[Short text fragments from websites]
##########

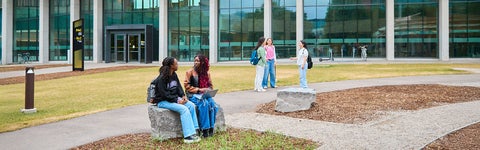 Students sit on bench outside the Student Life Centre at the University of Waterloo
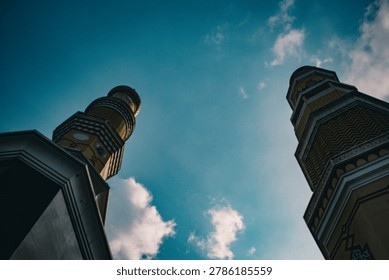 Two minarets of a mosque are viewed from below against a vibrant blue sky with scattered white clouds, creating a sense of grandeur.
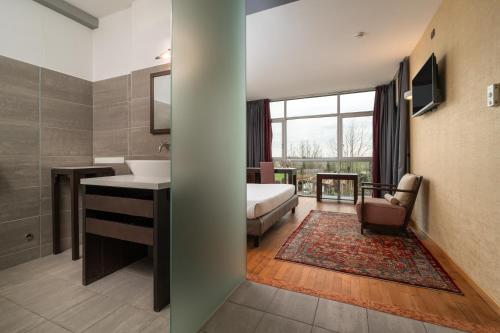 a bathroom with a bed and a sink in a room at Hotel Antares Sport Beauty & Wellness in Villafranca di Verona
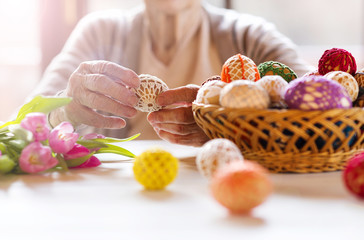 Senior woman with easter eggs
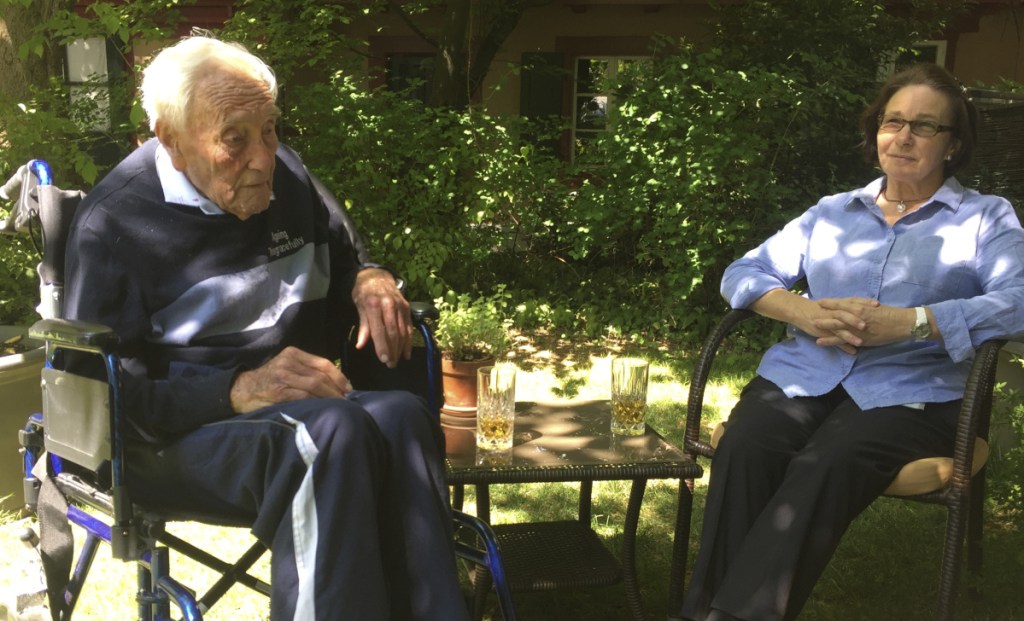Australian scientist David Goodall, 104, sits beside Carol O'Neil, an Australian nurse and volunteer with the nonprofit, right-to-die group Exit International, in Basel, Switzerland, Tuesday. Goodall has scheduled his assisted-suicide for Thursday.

##########

WHAT YOU WILL DO:
Transcribe every entry word for word, excluding images.

OUTPUT OF THE TASK:
 Students sit on bench outside the Student Life Centre at the University of Waterloo
 Two minarets of a mosque are viewed from below against a vibrant blue sky with scattered white clouds, creating a sense of grandeur.
 a bathroom with a bed and a sink in a room at Hotel Antares Sport Beauty & Wellness in Villafranca di Verona
 Senior woman with easter eggs
Australian scientist David Goodall, 104, sits beside Carol O'Neil, an Australian nurse and volunteer with the nonprofit, right-to-die group Exit International, in Basel, Switzerland, Tuesday. Goodall has scheduled his assisted-suicide for Thursday.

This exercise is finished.